Statistics show that the UK punches above its weight in terms of enterprise creation. According to OECD figures, the UK created more than any other European country in 2015 (the latest available figures).
In 2017, 382,000 businesses were launched in the UK – down marginally from a high of 414,000 in 2016 (perhaps not helped by Brexit uncertainty).
The long-term trend is very positive.
There has been a substantial rise in the number of business launches in Britain over the last decade, and that compares favourably with what is happening in the US, which is often seen as the home of the entrepreneur.
Take the decade to 2016: the number of businesses created in Britain rose by 62 per cent in that time, while the number of new firms in the US actually fell by 22 per cent.

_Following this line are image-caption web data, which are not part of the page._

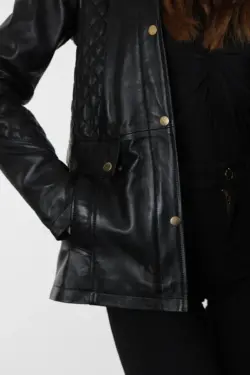 Druzy Kısa Siyah Kadın Hakiki Deri Mont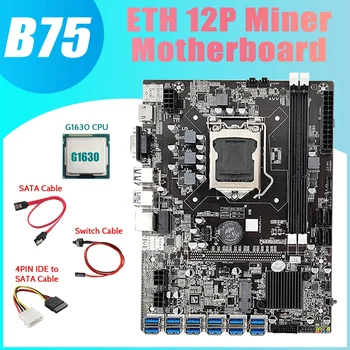 B75 ETH Miner Placa de baza 12 PCIE Pentru USB3.0+G1630 CPU+4PIN IDE Pentru Cablu SATA+Cablu SATA+Cablu de Switch Placa de baza LGA1155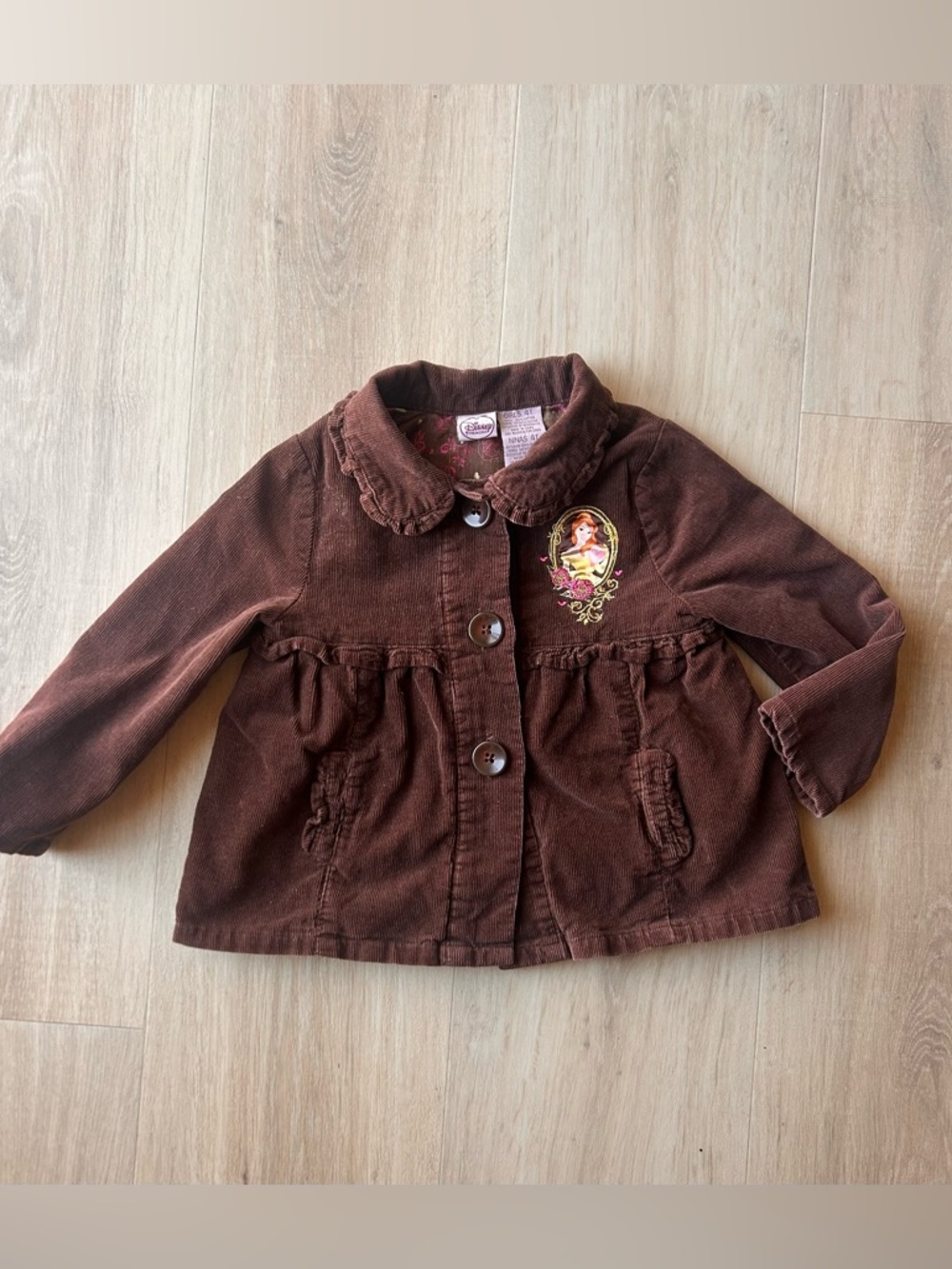Vintage Y2K Disney Belle Girls' Brown Corduroy Button Jacket with Princess Patch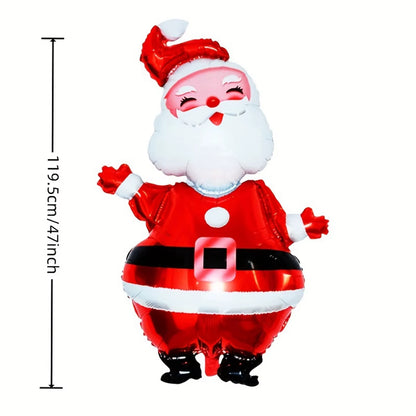 1Pc 119Cm Christmas Balloon Large Santa Claus Decorative Balloon Aluminum Foil Balloon for Christmas Party Decorative Supplies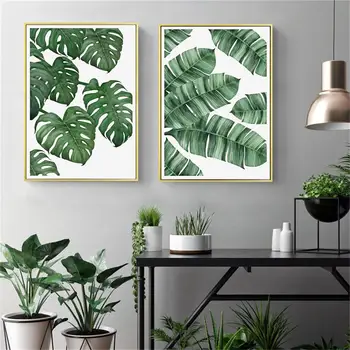 Moderne De Postere Și De Imprimare Arta De Perete Panza Pictura Perete Verde Frunze De Plante Imagini Pentru Living Peretele Nordic Decor Fara Rama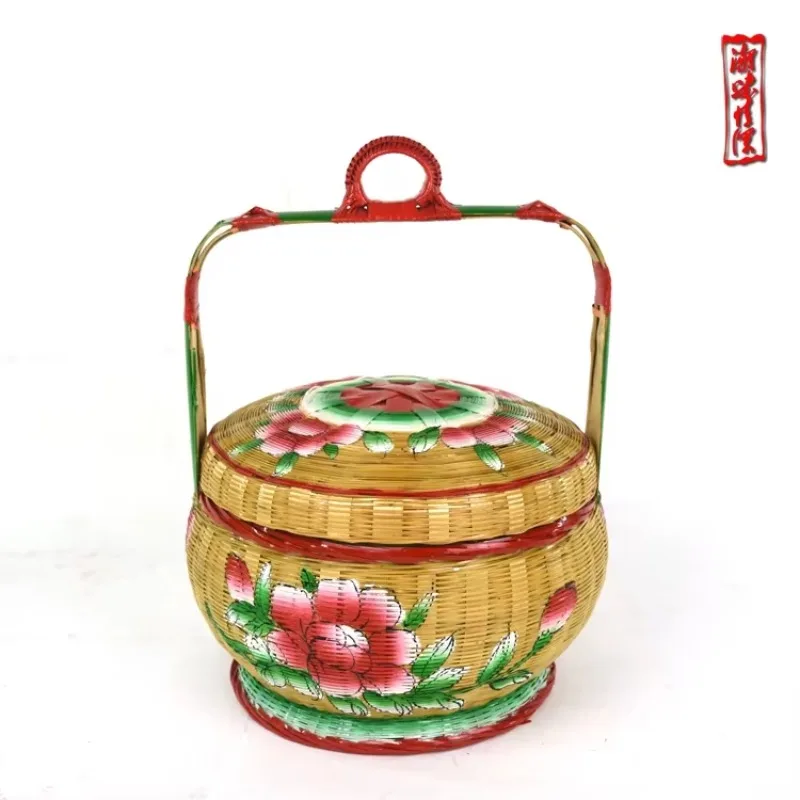 

Traditional Handmade Painted Bamboo Wedding Basket, Decorative Storage Basket, Handwoven Floral Container for Wedding Home Decor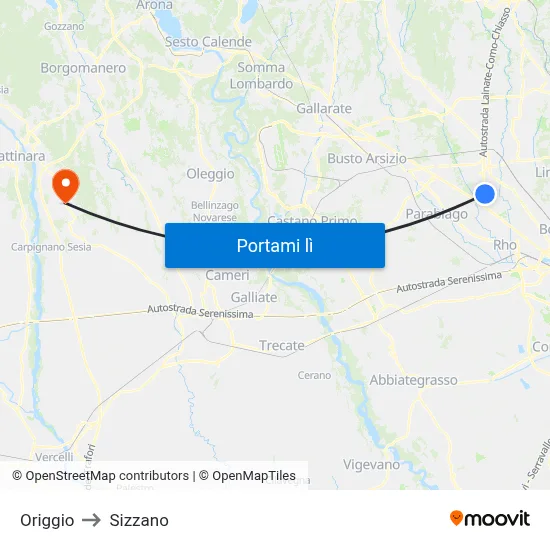 Origgio to Sizzano map
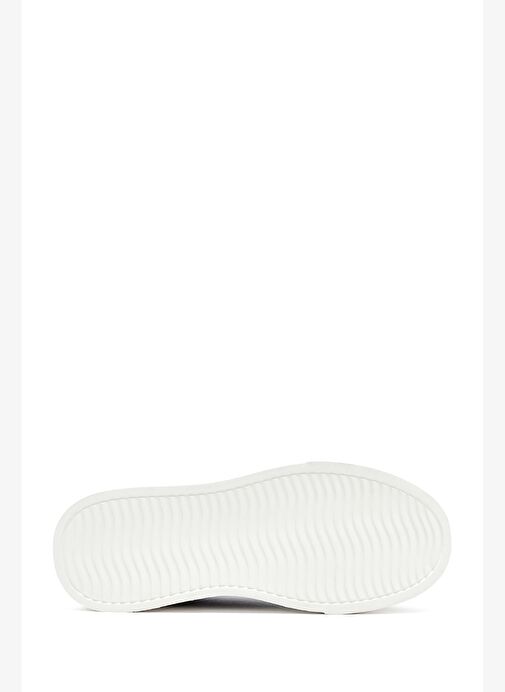 Erkek Lacivert Bağcıklı Kalın Tabanlı Deri Sneaker 25WFD685218 - Görsel 5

Entrepreneurship requires capital, and I have no doubt that the growing popularity of the EIS and the funding it makes available is a factor in Britain’s entrepreneurial revival.
Many of our European competitors envy us these schemes, because they connect investors looking for a tax-efficient home for their wealth to entrepreneurs with the ideas, talent and drive to make the most of it.
Job creation could result in a profit for the Treasury, which has obvious benefits for the UK economy.
How many jobs need to be created for the Treasury to break even on the tax relief it gives on an EIS investment? According to our research, the answer is nine jobs per £1m of EIS investment.
This assumes jobs are created for three years and have an average remuneration of £35,000.
Here’s how we worked out the numbers: the cost of EIS investment to the Treasury, taking into account the upfront tax relief, is £300,000 on an investment of £1m. If nine jobs were created for three years, with an average remuneration of £35,000 for each job, the Treasury would receive £305,000 in tax over the three years based on 2019/20 rates (each person would pay £11,302.94 in income tax and national insurance).
Since most jobs in EIS-funded companies are held for much longer than three years, it is likely that in the long term the Treasury stands to receive a profit on its outlay. What’s apparent is that the rewards of offering these tax breaks can quickly outpace the costs.
The Treasury does not give money away easily, but these figures show why the EIS offers one of the few generous tax breaks to have survived in the long term.
And by being a legitimate, government-approved way of reducing your tax bill, it is a win-win situation.
Not only can it be self-financing, but many EIS-eligible firms are bringing new innovations to market that have wide-reaching benefits – not just for the economy, but for society.